(2013-05-14) Associated Press Reporters Phone Records Seized
*On May 13, 2013, the Associated Press announced telephone records for 20 of their reporters during a two-month period in 2012, had been seized by the Justice Department. They described these acts as a "massive and unprecedented intrusion" into news-gathering operations... The DOJ did not direct subpoenas to the Associated Press, instead to going to their phone providers, including Verizon Wireless. Verizon neither challenged the subpoena nor did it try to alert the journalists whose records were being requested.
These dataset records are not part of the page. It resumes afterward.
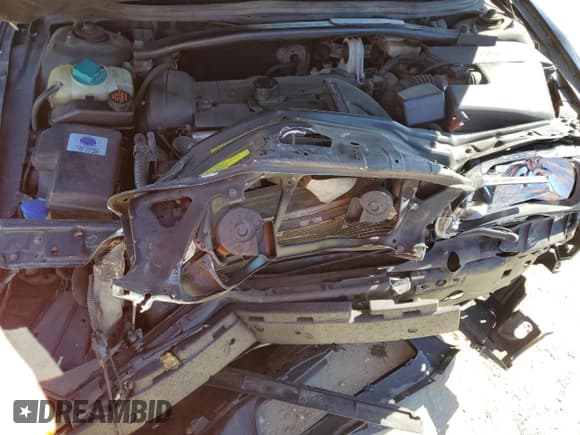 ✅ 2004 Volvo V70 • VIN: YV1SW61T342439524 • Lot: 55645685. Listed on Copart with 172,247 mi. Free auction sales archive from the USA and detailed vehicle history report at DreamBid. Image 11.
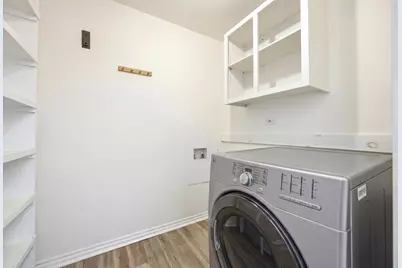 904 Chippewa Drive, Elgin, IL 60120 - Photo 19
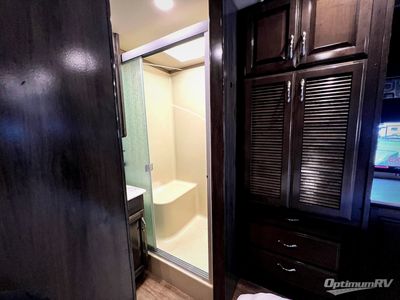 2018 Fleetwood Bounder - Photo 21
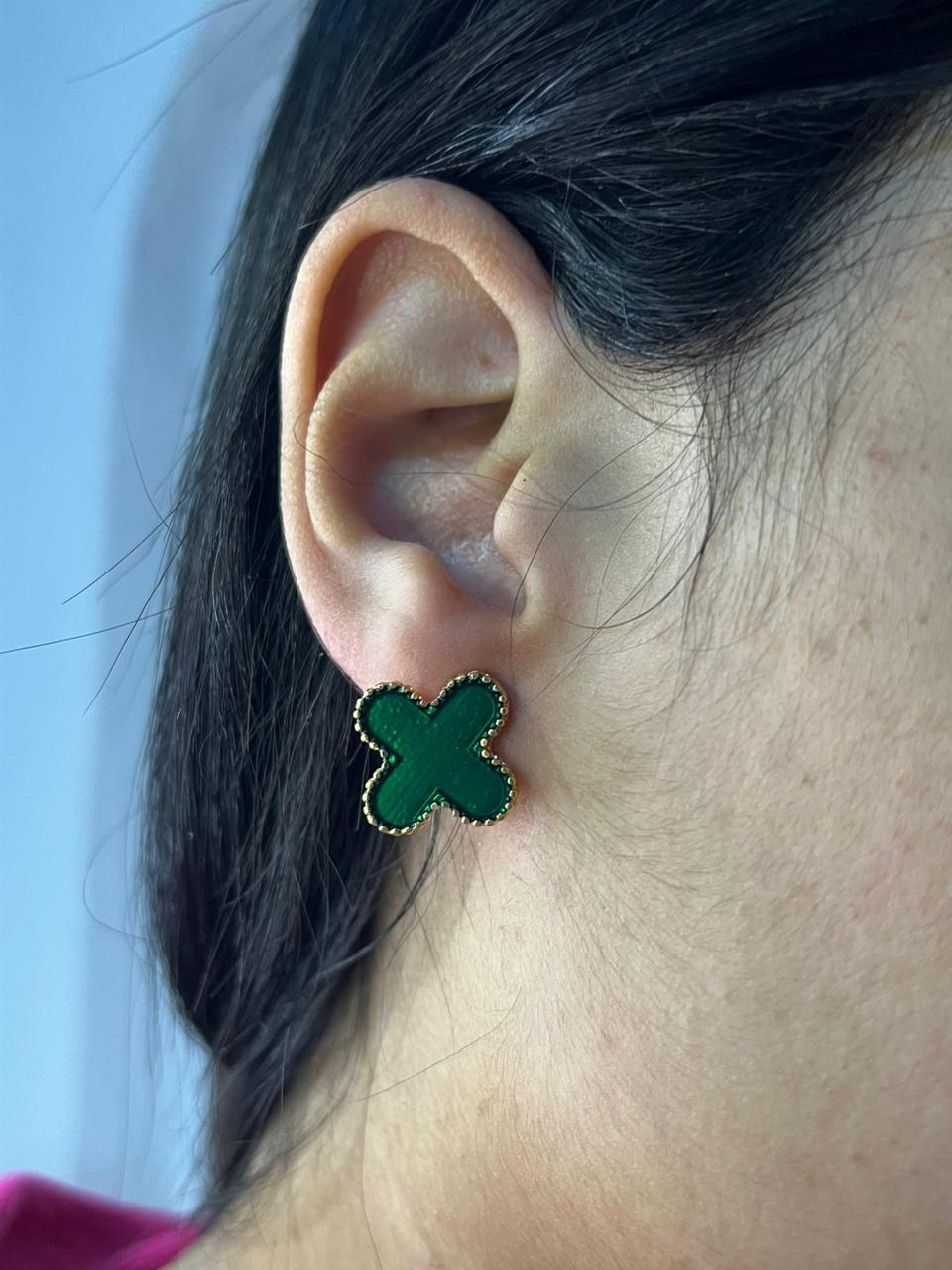 Brinco Folheado Ouro 18K Inspired Virginia Verde Maior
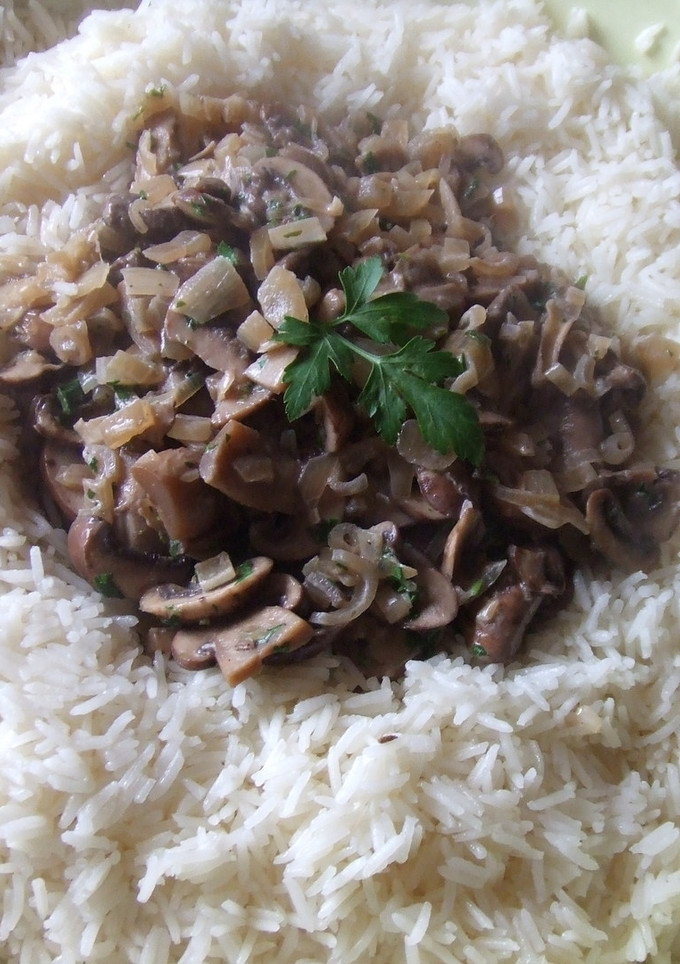 Una foto de Arroz basmati con champiñones Portobello y echallotes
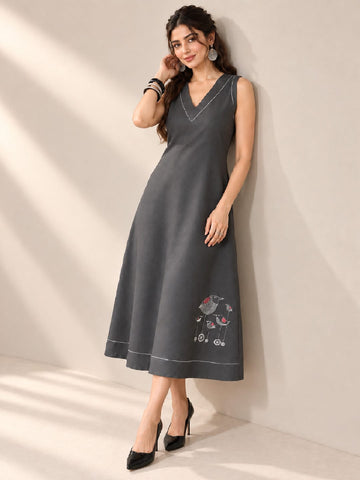 Varanga Ethnic Motifs Embroidered A-Line Midi Dress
On May 17, 2013, the Washington Post reported the Justice Department monitored James Rosen's activities by tracking his visits to the State Department, through phone traces, timing of calls and his personal emails. To obtain the warrants, they deemed Rosen a "criminal co-conspirator" with Stephen Kim.[17] Rosen was also labeled as a "flight-risk" to keep him from being informed of the ongoing surveillance. The Justice Department's "aggressive investigative methods" have caused various analysts to express concern their "investigative methods of classified leaks by government officials are having a chilling effect on news organizations' (Journalism) ability to play a Watch Dog role.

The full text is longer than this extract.